George Town independent candidate Winston Connolly said the government’s recently unveiled strategic plan for education is a good start, but that education planning should be taken out of politicians’ hands by seeking international accreditation for Cayman public schools. The international body would send people in every three years to assess the needs of Cayman’s education system. “We would set policies based on what they say, not based on what a politician can come in and erase from the last party’s term,” he said. 

West Bay independent candidate Tara Rivers, who like Mr. Connolly is affiliated with the Coalition for Cayman, said, “Education is a victim of political circumstance.” 



Cabinet Minister Mark Scotland, who is running as an independent candidate for Bodden Town, said the Cayman Islands needs to focus on educating and training Caymanians to replace work permit holders. 

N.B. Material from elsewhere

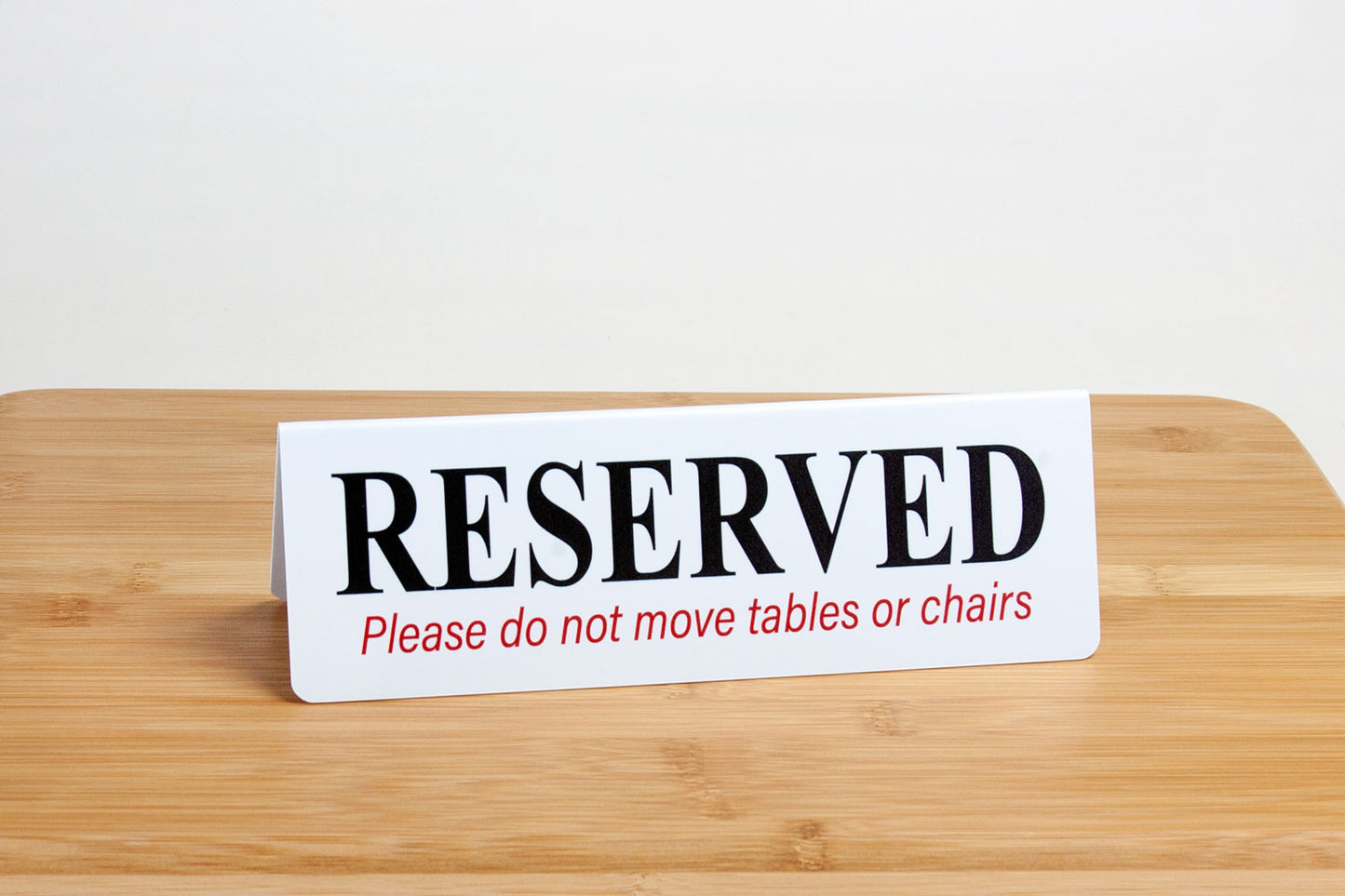 Reserved Signs - Please Do Not Move Tables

“We need to train them, give them stronger opportunities for lifelong jobs, not just temporary jobs they can fill on a short-term basis,” said Mr. Scotland, who has three children attending public schools here. 

Mr. Bryan said the PPM intends to build a new trade and vocational school if the party gains control of the government. 

Mr. Scotland said rather than spending money on a brand-new building, the current plan is to convert the old Clifton Hunter High School into a vocational and technical training facility. 

Mr. Bryan countered that the PPM’s original plan was to build two new high schools and convert the George Hicks campus into a trade school, but the next government wasn’t able to get both high schools built. 

Mr. Scotland said the government made the decision to complete one of the two high schools because it was desperately needed, despite mounting costs. 



Ms Rivers and Mr. Connolly each said government does not have a revenue problem, it has a spending problem. 

However, Mr. Scotland said government has both a revenue and an expenditure problem. 

“At present, in the current economic climate it is very difficult to cut Caymanian bodies from the civil service to go find jobs that do not exist in the private sector,” he said. 

Ms Rivers disagreed, saying there is plenty of waste and inefficiency in the government budget that can be cut without having Caymanians lose their jobs. 

Mr. Piercy said he supports “right-sizing” the civil service by enhancing areas of government that bring in revenue and retraining civil servants to fill other roles, for example. 

Mr. Baraud said he supports reviewing the salaries of all ministers. He also said that a way to improve government finances is to privatise certain money-losing entities. 

“Government should not be in the business – it should not be in business, period. It’s there to provide a service. It should not be in the business of the Turtle Farm, for example,” Mr. Baraud said.